Tabir ve basın özgürlüğü mü demiştiniz? Mahkemede şu savunmayı yaptım: “İddianameye bahis olmuş, yargılamanın temel kaynağı olan bir belgeyi köşeme taşıdım. Kimseye iftira atmadım. Mahkemenin sorguladığı ‘araştırılmayanın’ üzerine gittim ve Orhan Aykut’un tabirini yazdım. Gazetecilik yaptım. Beraatımı istiyorum.”

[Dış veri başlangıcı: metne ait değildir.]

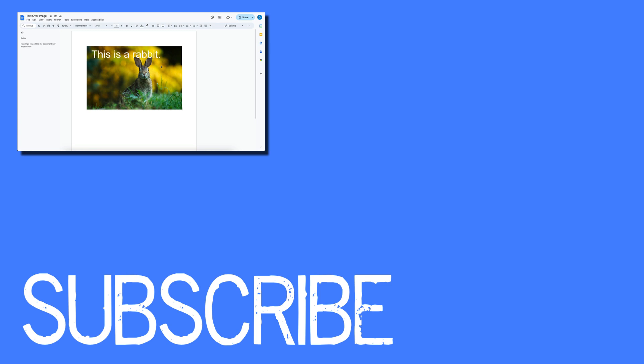If you found this video helpful, please click that like button and subscribe to this channel to view more helpful videos in the future. Also, please be sure to visit my website at therabbitpad.com.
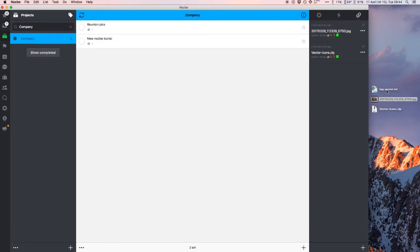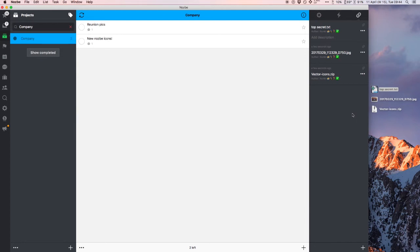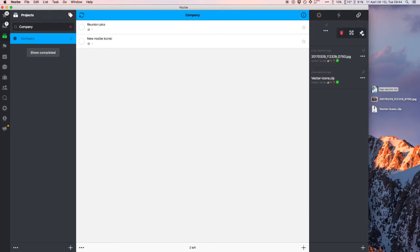This way, the information stays with the project. For example, in our company project called The Firm, we have a note with the most important information — like company information so that when people buy things for the company they have access to it, they know how to invoice the company, and things like that. Telephone numbers and all this needed information, we store it in the project information.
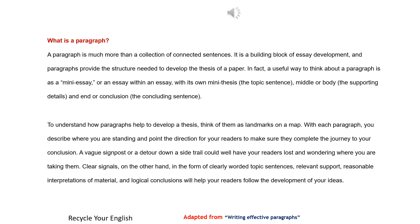To understand how paragraphs help to develop a thesis, think of them as landmarks on a map. With each paragraph, you describe where you are standing and point the direction for your readers to make sure they complete the journey to your conclusion. A vague signpost or a detour down a side trail could well have your readers lost and wondering where you are taking them. Clear signals, on the other hand, in the form of clearly worded topic sentences, relevant support, reasonable interpretations of material, and logical conclusions will help your readers follow the development of your ideas.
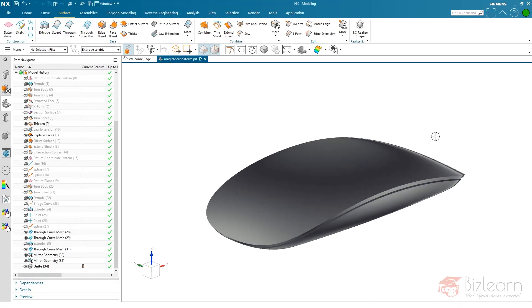Hey guys, how are we doing? It's Simon from BizLearn. Hi and welcome to a new tutorial on my YouTube channel. Today I'm going to be doing a kind of crossover between the NX 1926 what's new and Class A surface modeling.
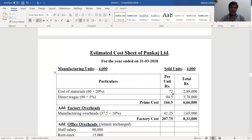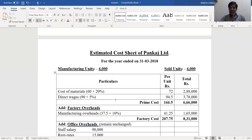Direct wages were ₹90 per unit in 2017. It is estimated wages will rise by 5 percent. Direct wages are also a variable nature expense, so calculated per unit: ₹90 + 5% = ₹94.5 per unit. Total: ₹94.5 × 4,000 = ₹3,78,000. Prime cost for 2018 is ₹6,66,000 in total and ₹166.5 per unit.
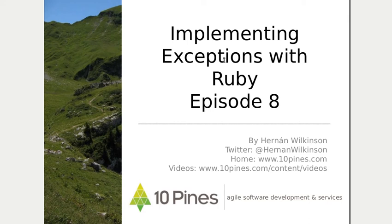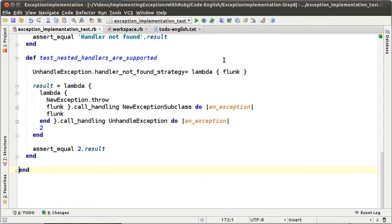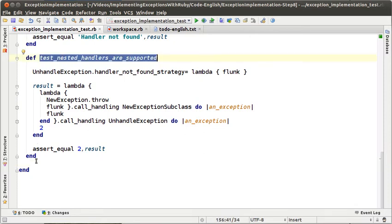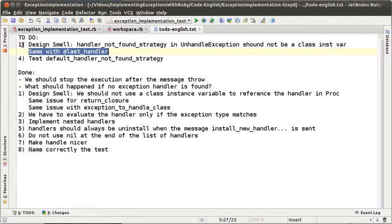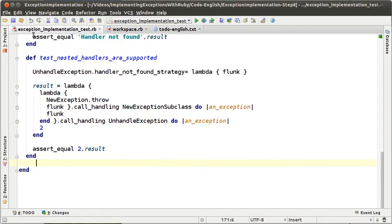Hello, welcome to episode number 8 of implementing exceptions with Ruby. My name is Hernan Wilkinson, I work at TenPines. Remember that we are implementing a new model of exceptions in the Ruby language using only objects and messages. On the last episode we did some refactorings to our design, we renamed some objects, implemented some patterns and we finally put good names to the tests. We had some to-dos, and today on this episode we are going to implement some new features that most exception models don't have in current programming languages.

Avukatlarım da ‘Görünen gerçek üzerine’ alınmış bir yazının dava konusu olmasından duydukları rahatsızlıkları iletti. Bu ortada, İhsan Arslan’ın BBC Türkçe’ye verdiği röportajdan kimi cümleleri de mahkemede anlattım. Neydi o cümleler?”
“ADALETİN BU MU DÜNYA”
Erkin, İhsan Arslan’ın BBC’ye yaptığı açıklamalarla şu sözlerle aktardı:
“Tarih 25 Kasım 2020…
İhsan Arslan, BBC Türkçe’den Ece Göksedef’in sorularını yanıtladı.
Okuyalım:
“… Birinci basamakta askeri vesayet vardı, adım atamıyorduk. Ne vakit ki önemli bir çabayla askeri vesayeti ortadan kaldırdık, orada yılana sarıldık. İş birliği yaptık. Varsayım etmediğimizden fazla onlar işin içine girdi. Hatta onlar lokomotif oldu, biz artta icraatta bulunduk. Sonra FETÖ’nün vesayeti gündeme gelmeye başladı. Biz bunu fark ettiğimizde irkildik. Ondan sonra da olağan kıyamet koptu. O güne kadar hukuk içinde kalmaya azami dikkat gösteriyorken 15 Temmuz’dan sonra doğrusu panikledik ve olayın vahameti karşısında lakin yargıyı kullanarak başarılı olabileceğimiz kanaatine vardık. Onların yargıyı kullanırken kullandığı bütün taktikleri, araçları, biz kullanmaya başladık, can havliyle. Her bahse müdahaleleri kelam konusuydu. Ne vakit ki onların kimi taleplerine hayır demeye başladık, onlar sertleşmeye başladılar. Kabullenemediler. Birtakım olaylar oluyordu lakin somut olarak dershanelerin kapatılması asıl kopuşu getirdi. Eğitim sistemini reforme etme ismine ve vesayetini geriletme ismine müdahale ettiğimizde çok sert reaksiyon verdiler. Ben o devirde kimi arabuluculuklarda (AKP-cemaat A.E.) bulundum fakat çözülemedi ve gitgide arbede büyüdü…”
SONUÇ: Yalnızca gazetecilik yapan Emin Çölaşan, Necati Gerçek, Aytunç Erkin yargılanıyor… Ama… Fetullah’la iş birliğini yaptıklarını açıkça söyleyenler, arabulucu olanlar davacı oluyor. Adaletin bu mu dünya?”